# A little different project...



## Russell Eaton (Sep 1, 2011)

I turned this for a contest on a different forum. It has a cherry base, holly legs, box elder body with cherry rim, and 2 cherry finials. It has a spray lacquer finish. Comments are welcome...   Russell


----------



## NHProFF (Sep 1, 2011)

Amazing... This piece looks like it should be on a multi million dollar yaht somewhere.


----------



## Glenn McCullough (Sep 1, 2011)

Absolutely spectacular!!! May I ask what other forum?


----------



## PenMan1 (Sep 1, 2011)

BRAVO, Buon amico! Magnifico. Sembra meglio di fine art italiana!

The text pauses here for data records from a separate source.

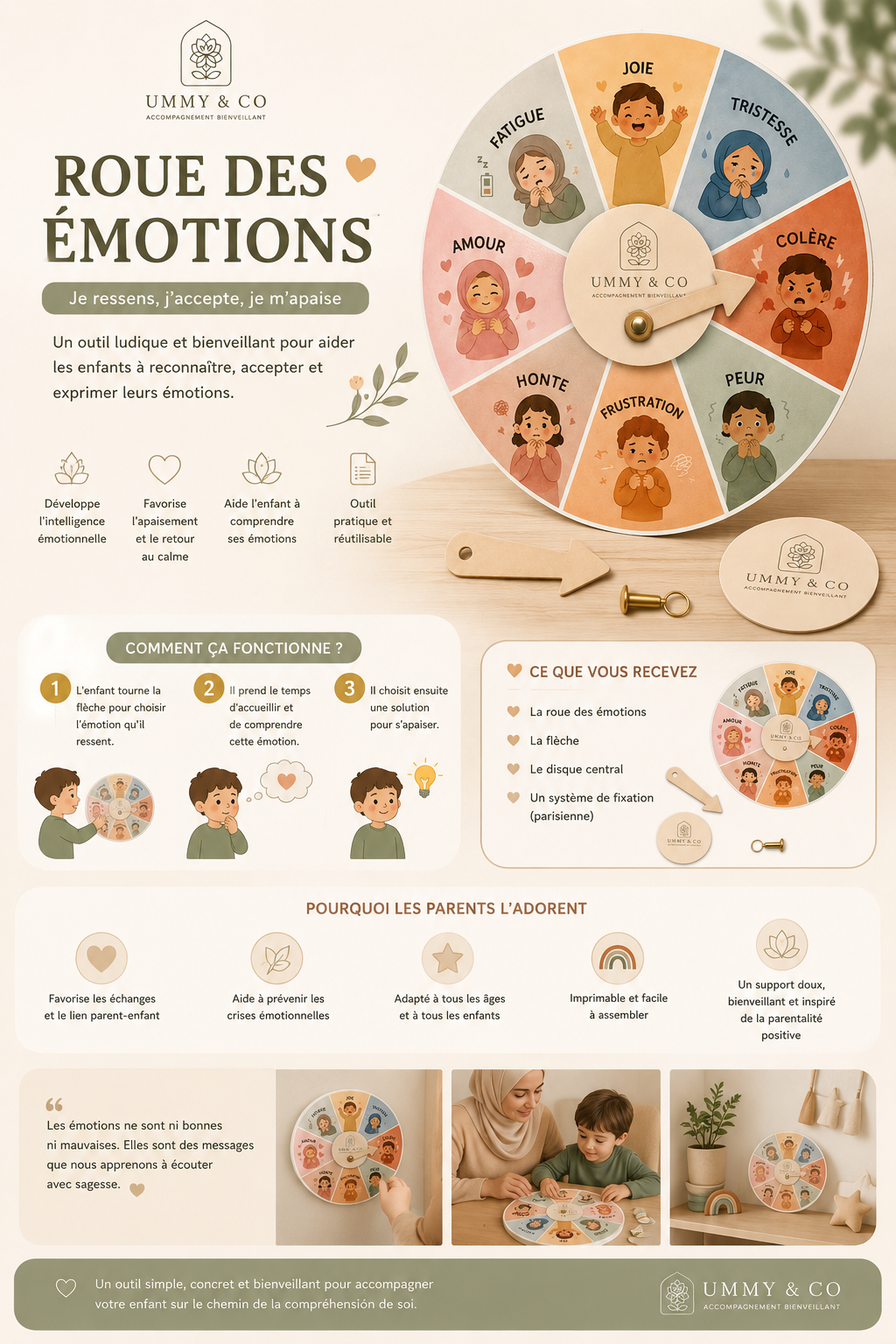 Pack émotions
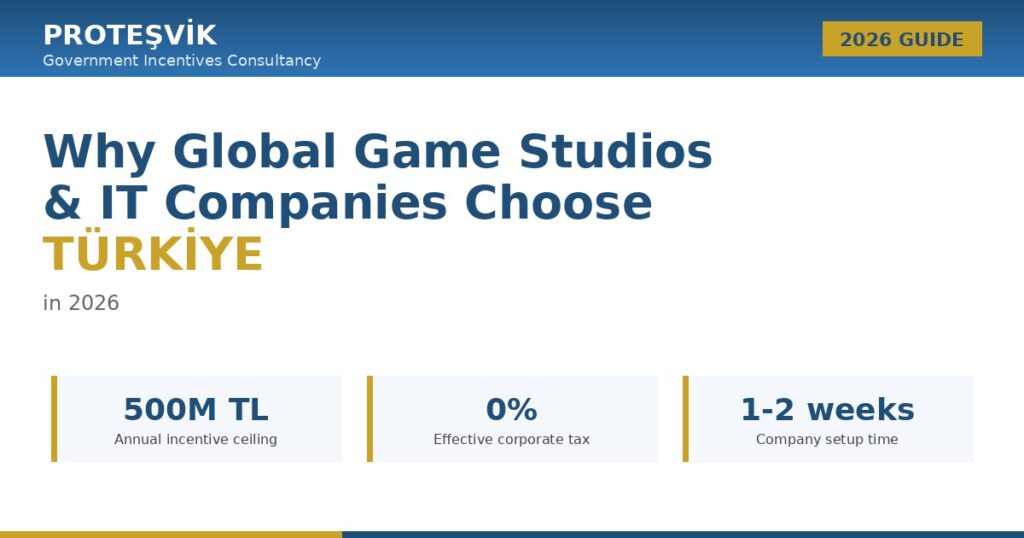 Why global game studios and IT companies are choosing Türkiye in 2026: a strategic decision guide by Proteşvik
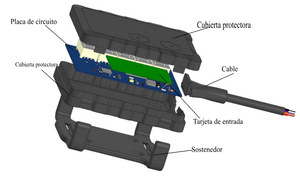 I5, diseño en detalles.png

In case you can't understand my accent, since your family moved to the big city:

Well done, it is fine art!!!!

I can't wait to see this, CLOSE UP!


----------



## Jim15 (Sep 2, 2011)

Awesome work. Hope you win.


----------



## Russell Eaton (Sep 2, 2011)

Glenn it is at the Woodturners America forum. This piece tried to get the best of me. I turned 8 finials for the top, only to glue one on have a "incident" and it break. Then back to the drawing board. Thanks for the comments.  Russell


----------



## Steve Busey (Sep 2, 2011)

You continue to amaze, Russell - well done!


----------



## OLDMAN5050 (Sep 2, 2011)

WOW............................


----------



## Turned Around (Sep 2, 2011)

amazing piece. great work


----------



## glycerine (Sep 2, 2011)

wow, very nice work Russell!


----------



## workinforwood (Sep 2, 2011)

Looks super, I wish you the best of luck!


----------



## RWL5420 (Sep 5, 2011)

WOW... that is beautiful


----------



## Jeff G (Sep 5, 2011)

gorgeous work! may i ask what spray laquer you use? and how it is applied, do you buff after?
Thanks
JeffG


----------



## bitshird (Sep 5, 2011)

Beautiful Piece Russell, are you going to bring that to the Turning Southern Style week after next?? It sure would look nice in the Instant Gallery!!!


----------



## Russell Eaton (Sep 5, 2011)

Ken if I bring that out of the house I may be looking for a new place to live. I gave it to my wife....nuf said. 
 Jeff the lacquer is spray Deft gloss. I got it from LOWES. I can't find it at H.D. and the price is about 6$ a can. I put on 3 coats, let sit for a day then sanded with 600 grit. Then applied 1 more coat. I did not buff, it was too fragile and I was tired of making replacement pieces...LOL


----------



## kenspens (Sep 5, 2011)

*saaaaaaaaahhweeeeeeet!!!! nice job*

fantastic job  great lines and nice choice of woods with a great finish!!
ken:biggrin:

kenspens


----------



## ahoiberg (Sep 5, 2011)

that is a real beauty, thanks for sharing.


----------



## Rangertrek (Sep 6, 2011)

I was just at the SWAT meeting in Waco and your piece was by far better than anything I saw on display.   Excellent!!


----------



## reddwil (Sep 7, 2011)

All I can say is WOW, Hope you Win or Won!!


----------



## Mrs Rojo22 (Sep 28, 2011)

Beautiful!

Robin


----------